• _Problem_:
Where the lines below hold images, skip those and copy every word exactly.

--------------------------------------------------

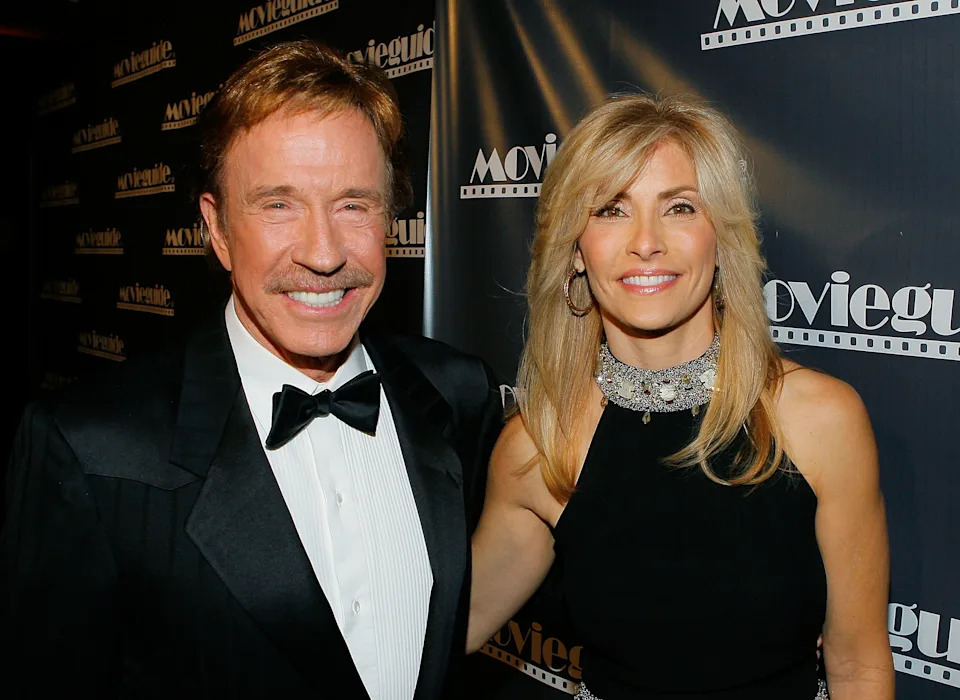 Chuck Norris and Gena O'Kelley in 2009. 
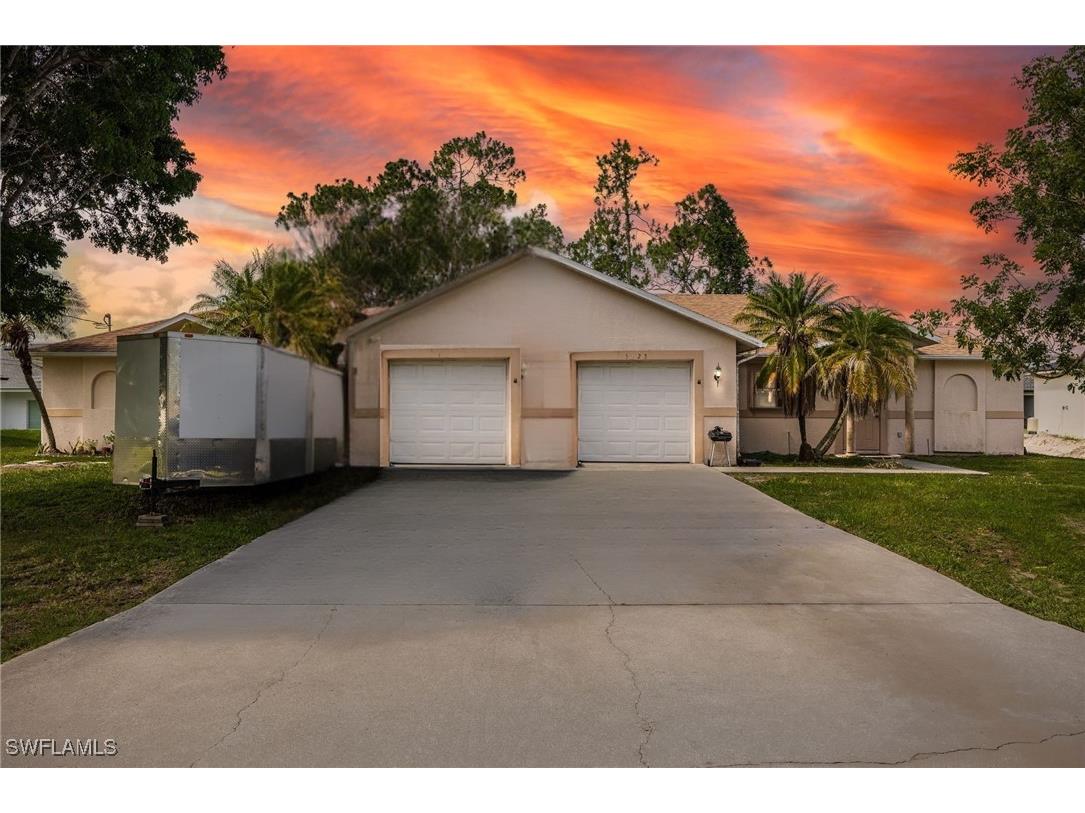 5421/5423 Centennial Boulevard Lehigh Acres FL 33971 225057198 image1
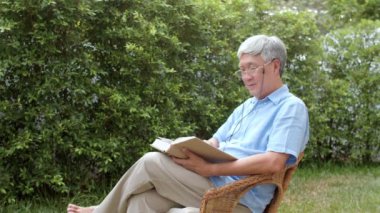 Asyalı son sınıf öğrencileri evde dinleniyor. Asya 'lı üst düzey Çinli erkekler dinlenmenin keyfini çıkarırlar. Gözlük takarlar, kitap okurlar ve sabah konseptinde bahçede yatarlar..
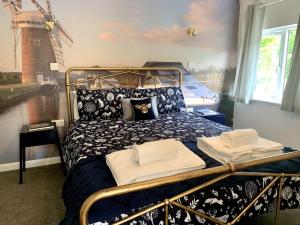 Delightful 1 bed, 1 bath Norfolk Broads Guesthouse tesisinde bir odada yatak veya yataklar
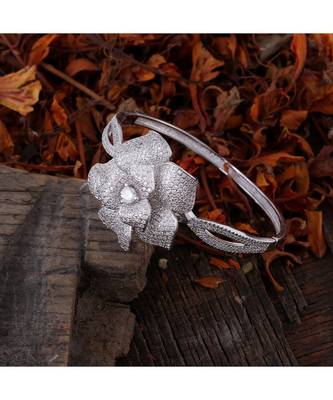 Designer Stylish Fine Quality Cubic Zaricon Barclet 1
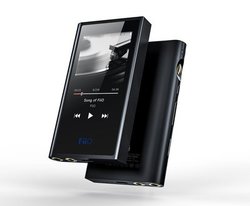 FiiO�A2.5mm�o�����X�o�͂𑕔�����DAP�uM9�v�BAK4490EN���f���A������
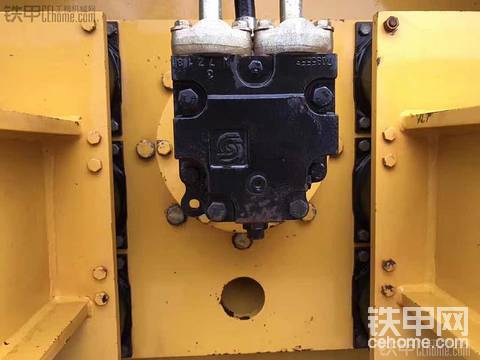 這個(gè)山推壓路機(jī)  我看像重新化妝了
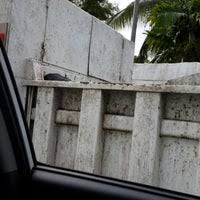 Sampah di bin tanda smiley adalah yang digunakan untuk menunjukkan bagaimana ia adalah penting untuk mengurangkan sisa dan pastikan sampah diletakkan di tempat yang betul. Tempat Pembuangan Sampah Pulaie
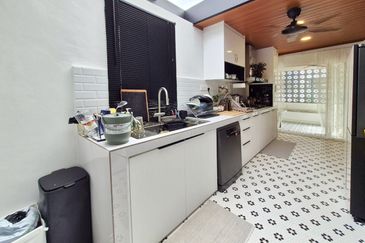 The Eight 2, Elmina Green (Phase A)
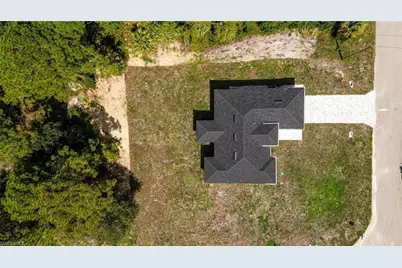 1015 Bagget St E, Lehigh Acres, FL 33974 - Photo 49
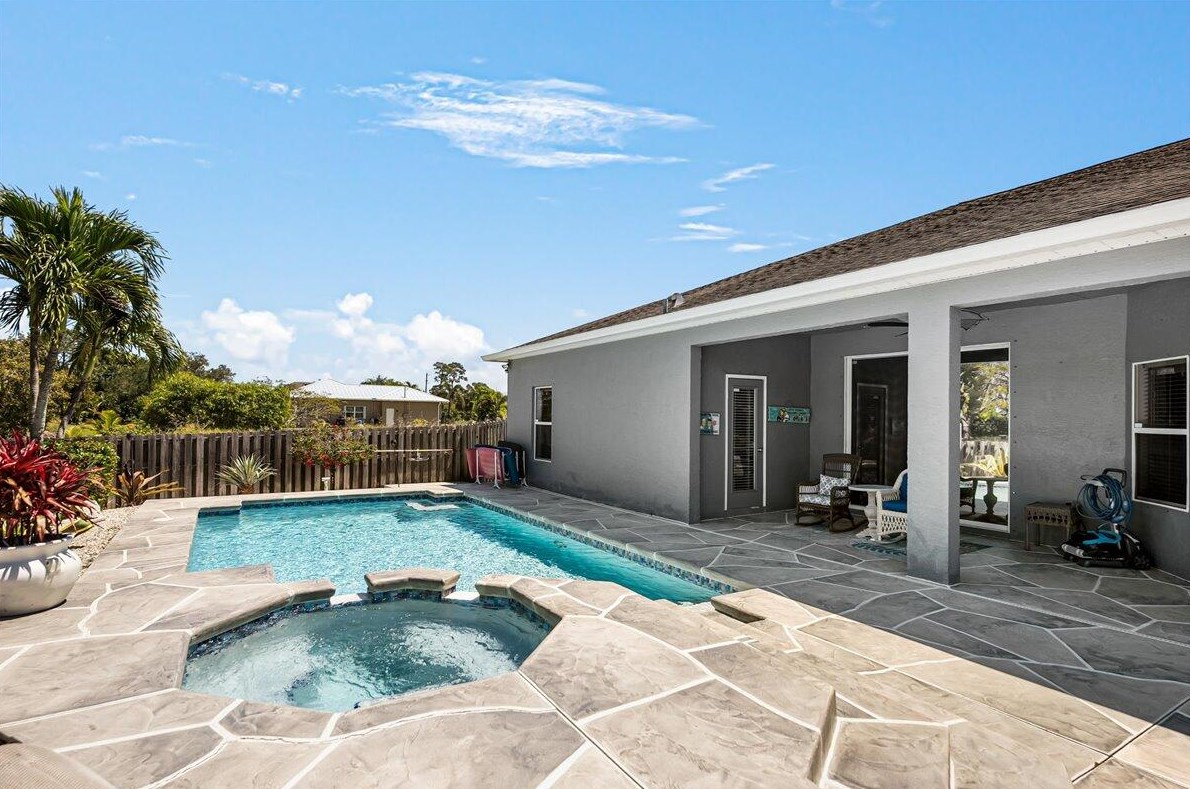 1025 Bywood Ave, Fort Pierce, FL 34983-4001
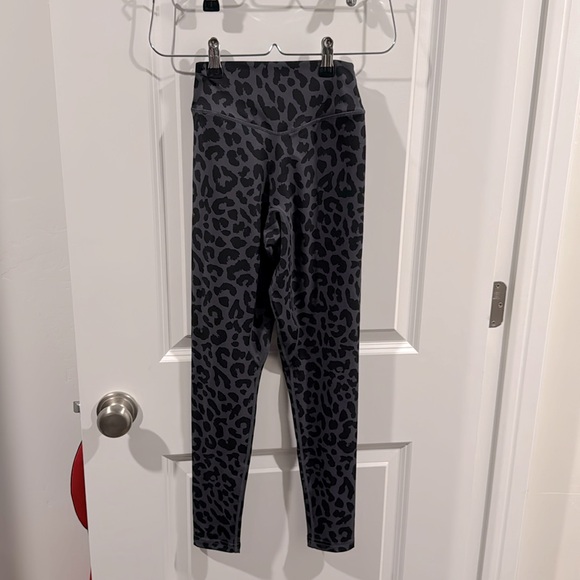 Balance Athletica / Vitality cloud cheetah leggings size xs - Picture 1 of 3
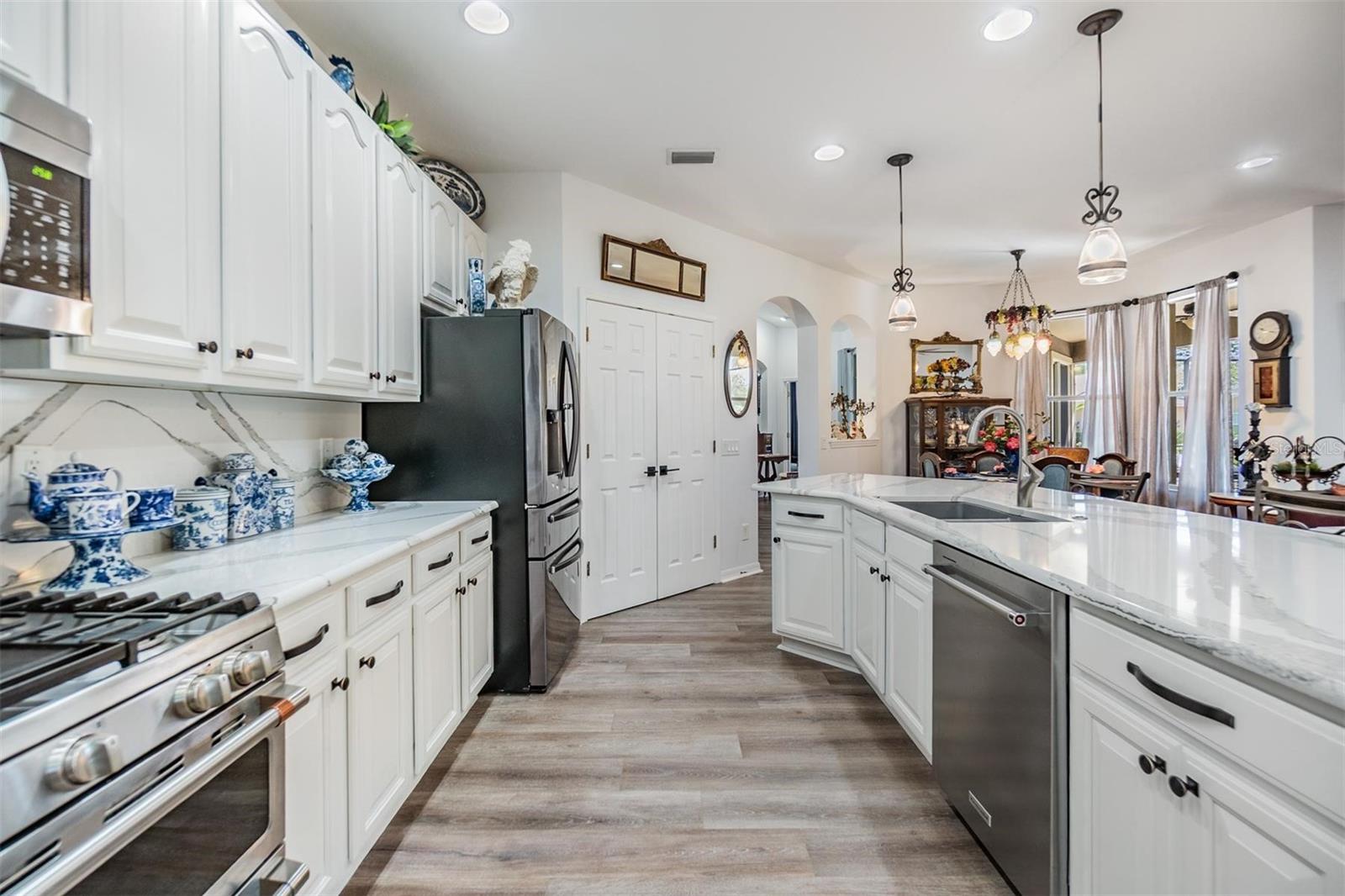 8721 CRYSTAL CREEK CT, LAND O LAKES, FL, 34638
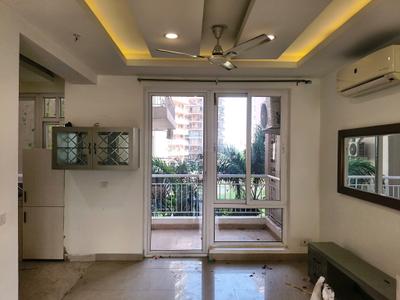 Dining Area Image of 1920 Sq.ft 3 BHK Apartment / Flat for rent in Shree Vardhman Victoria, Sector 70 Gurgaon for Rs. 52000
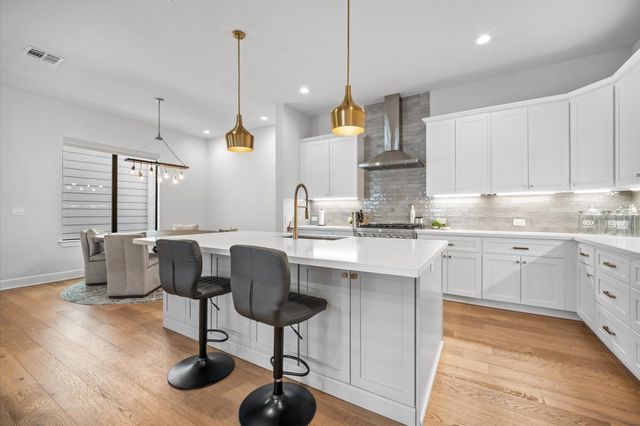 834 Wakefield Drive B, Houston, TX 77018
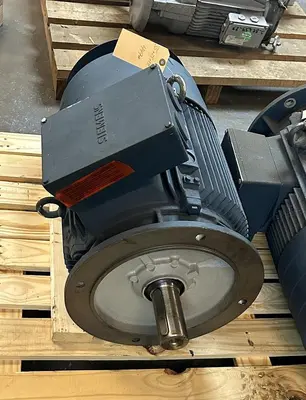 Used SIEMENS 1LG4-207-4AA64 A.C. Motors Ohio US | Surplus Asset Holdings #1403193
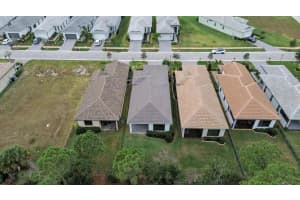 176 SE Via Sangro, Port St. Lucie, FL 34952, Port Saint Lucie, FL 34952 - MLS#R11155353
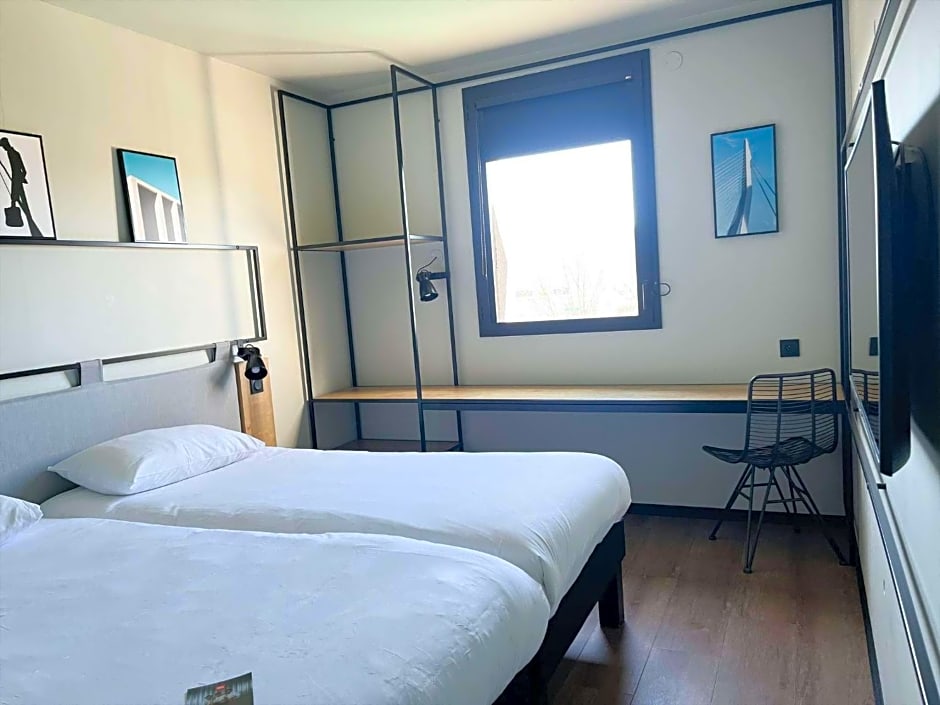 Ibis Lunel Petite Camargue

--------------------------------------------------

• _Answer box_:
 Chuck Norris and Gena O'Kelley in 2009. 
 5421/5423 Centennial Boulevard Lehigh Acres FL 33971 225057198 image1
 Asyalı son sınıf öğrencileri evde dinleniyor. Asya 'lı üst düzey Çinli erkekler dinlenmenin keyfini çıkarırlar. Gözlük takarlar, kitap okurlar ve sabah konseptinde bahçede yatarlar..
 Delightful 1 bed, 1 bath Norfolk Broads Guesthouse tesisinde bir odada yatak veya yataklar
 Designer Stylish Fine Quality Cubic Zaricon Barclet 1
 FiiO�A2.5mm�o�����X�o�͂𑕔�����DAP�uM9�v�BAK4490EN���f���A������
 這個(gè)山推壓路機(jī)  我看像重新化妝了
 Sampah di bin tanda smiley adalah yang digunakan untuk menunjukkan bagaimana ia adalah penting untuk mengurangkan sisa dan pastikan sampah diletakkan di tempat yang betul. Tempat Pembuangan Sampah Pulaie
 The Eight 2, Elmina Green (Phase A)
 1015 Bagget St E, Lehigh Acres, FL 33974 - Photo 49
 1025 Bywood Ave, Fort Pierce, FL 34983-4001
 Balance Athletica / Vitality cloud cheetah leggings size xs - Picture 1 of 3
 8721 CRYSTAL CREEK CT, LAND O LAKES, FL, 34638
 Dining Area Image of 1920 Sq.ft 3 BHK Apartment / Flat for rent in Shree Vardhman Victoria, Sector 70 Gurgaon for Rs. 52000
 834 Wakefield Drive B, Houston, TX 77018
 Used SIEMENS 1LG4-207-4AA64 A.C. Motors Ohio US | Surplus Asset Holdings #1403193
 176 SE Via Sangro, Port St. Lucie, FL 34952, Port Saint Lucie, FL 34952 - MLS#R11155353
 Ibis Lunel Petite Camargue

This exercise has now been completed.